BEE GEE MOVIE - INITIAL ASSIGNMENT BOND HANDOUT
Name:_______________________________ Class Period: 1:30 2:30
Acct 2210 Zeigler: Chapter 10 – Accounting for Bonds (USE PENCIL)
For the three independent scenarios below, determine the bond selling price and prepare an amortization schedule using the “Effective Interest Amortization Method” as shown in Chp 10 & Appendix “F”.
1) Bee Gee Movie, Inc. plans to issue a $1 million bond offering on January 1, 2015 to finance an upcoming motion picture thriller entitled “Chasing the Accounting Dream”. The bond term will be four years. In July of 2014, due diligence was performed (audits, underwriting process, etc.) and the stated (contract) rate assigned to the bonds was 10% with annual payments to bond holders each December 31st. Based upon current market conditions, however, the marketplace will now only require an effective (market) interest rate (yield) of 8%.

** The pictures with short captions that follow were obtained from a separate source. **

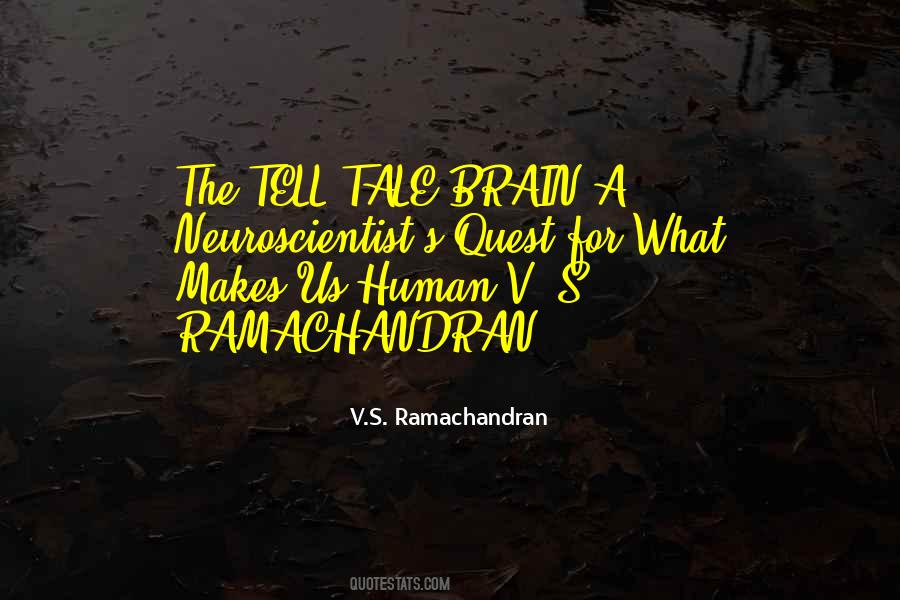 V.S. Ramachandran Quotes #975013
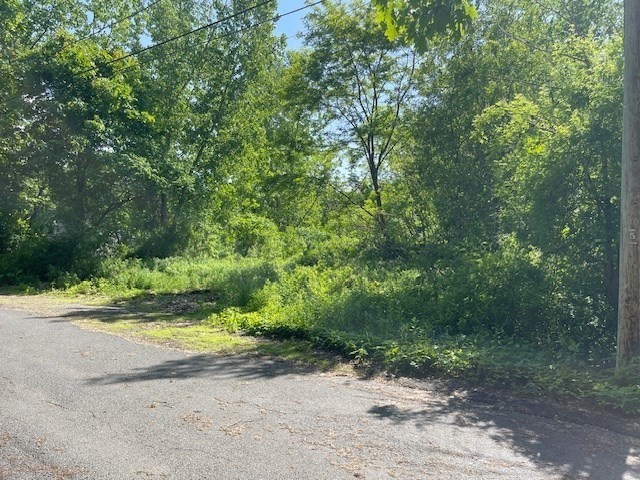 77 O'Neil Road Warren, MA 01092 - Photo 4 of 6 a view of a yard with a trees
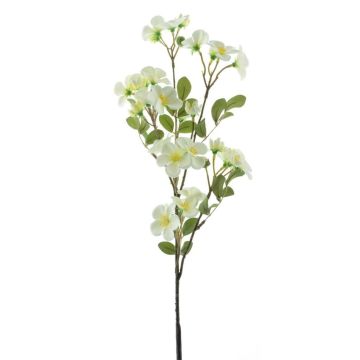 Ramo decorativo di fiori di melo WENIA, color crema, 70 cm, Ø 2-4 cm Ramo decorativo di fiori di melo WENIA, color crema, 70 cm, Ø 2-4 cm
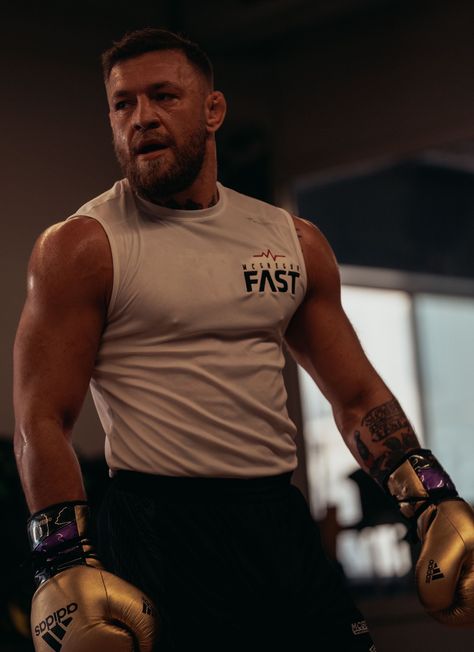 Conor Mcgregor Training, Mcgregor Training, Conor Mcgregor Wallpaper, Mcgregor Wallpapers, Boxer Aesthetic, Mc Gregor, Notorious Conor Mcgregor, Mma Training, Stop Trying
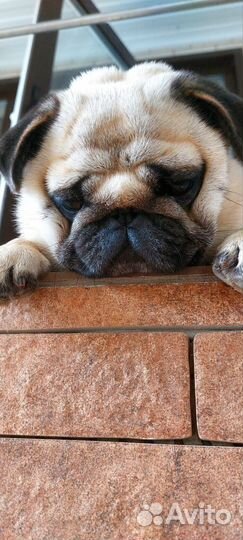 Вязка собак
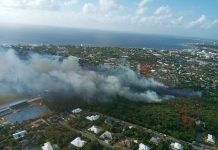 Updated: Windsor Park brushfire extinguished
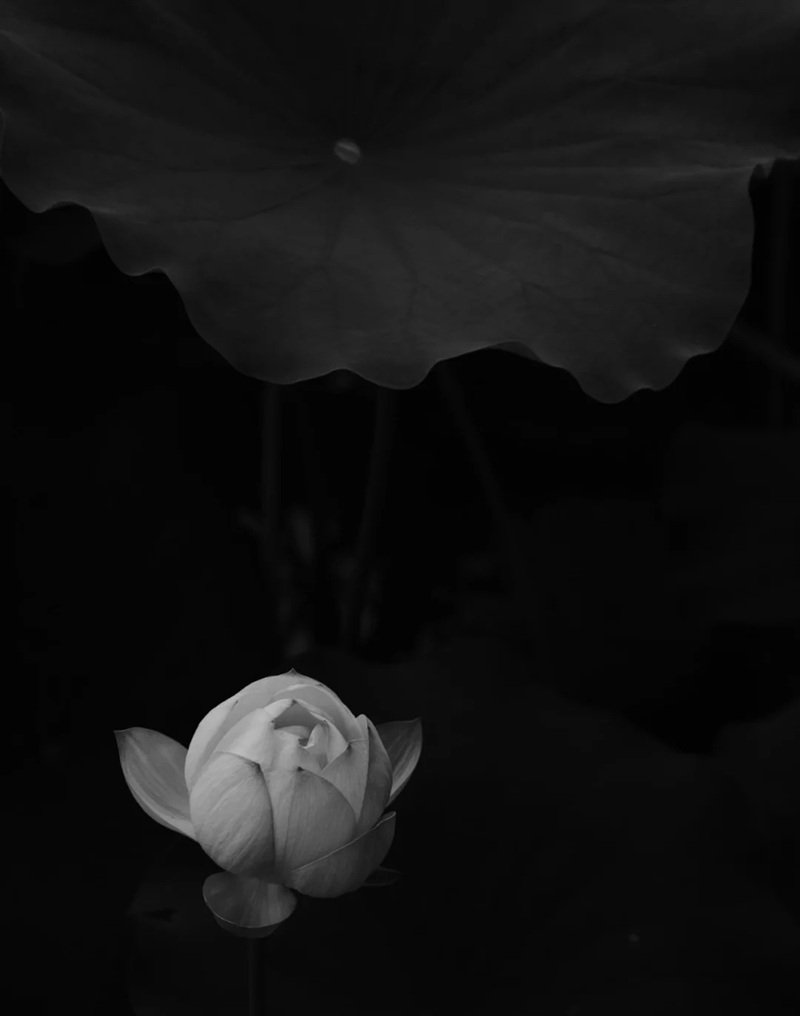 avatar chia buồn hoa sen trắng đám tang 24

a) Using whole dollars, determine the selling price of these bonds, using present value techniques in the appendices. Indicate whether a Premium or a Discount results. Show all written computations below.
Selling price of bonds (with computations and time-line completed below): $_______________
b) Complete the Amortization Schedule below using the “Effective Interest Method” (See Pg 553-557)
| | |Text ”A” |Text “B” |Text “C” | |Text “D” |
| |Carrying value |Cash Interest |Interest |Current Period |Unamortized |Carrying value |
|Period |(Present value) |Payment |Expense |Amortization |(unallocated) |(Present value) |
| |at beginning of |(at contract rate of|(at market rate of |(A vs. B) |Premium or |at end of |
| |period |___%) |___%) | |Discount |period |
|At Issue: |************ |************ |*********** |*********** |$ |************ |
|2015 | | | | | | |
|2016 | | | | | | |
|2017 | | | | | | |
|2018 | | | | | | |
| | | | | | |$1,000,000* |
| | | | | | |*Prior to payoff |
|Totals |*********** | | | |********** |xxxxxxxxxxx |
c) Prepare all necessary Journal Entries for Bee Gee Movie for the year 2015 (only).
2) Bee Gee Movie, Inc. will issue a $1 million bond offering on January 1, 2015 to finance an upcoming motion picture thriller entitled “Chasing the Accounting Dream”. The bond term will be four years. In July of 2014, due diligence was performed (audits, underwriting process, etc.) and the stated (contract) rate assigned to the bonds was 8% with annual payments to bond holders each December 31st. Based upon current market conditions, however, the marketplace will now require an effective (market) interest rate (yield) of 10%.
a) Using whole dollars, determine the selling price of these bonds, using present value techniques in the appendix. Indicate whether a Premium or a Discount results. Show all written computations below.
Selling price of bonds (with computations and time-line completed below): $_______________
b) Complete the Amortization Schedule below using the “Effective Interest Method” (See Pg 553-557)
| | |Text ”A” |Text “B” |Text “C” | |Text “D” |
| |Carrying value |Cash Interest |Interest |Current Period |Unamortized |Carrying value |
|Period |(Present value) |Payment |Expense |Amortization |(unallocated) |(Present value) |
| |at beginning of |(at contract rate of|(at market rate of |(A vs. B) |Premium or |at end of |
| |period |___%) |___%) | |Discount |period |
|At Issue: |************ |************ |*********** |*********** |$ |************ |
|2015 | | | | | | |
|2016 | | | | | | |
|2017 | | | | | | |
|2018 | | | | | | |
| | | | | | |$1,000,000* |
| | | | | | |*Prior to payoff |
|Totals |*********** | | | |********** |xxxxxxxxxxx |
c) Prepare all necessary Journal Entries for Bee Gee Movie for the year 2015 (only).
-------------------------------------------------------------------------------------------------------------------------------
3) Bee Gee Movie, Inc. will issue a $1 million bond offering on January 1, 2015 to finance an upcoming motion picture thriller entitled “Chasing the Accounting Dream”. The bond term will be four years. In July of 2014, due diligence was performed (audits, underwriting process, etc.) and the stated (contract) rate assigned to the bonds was 8% with annual payments to bond holders each December 31st. Market conditions have not changed since July and the marketplace will accept an effective (market) interest rate (yield) of 8%.
Selling price of bonds: $_______________
Compute the selling price of the bonds below and explain why no amortization schedule is required.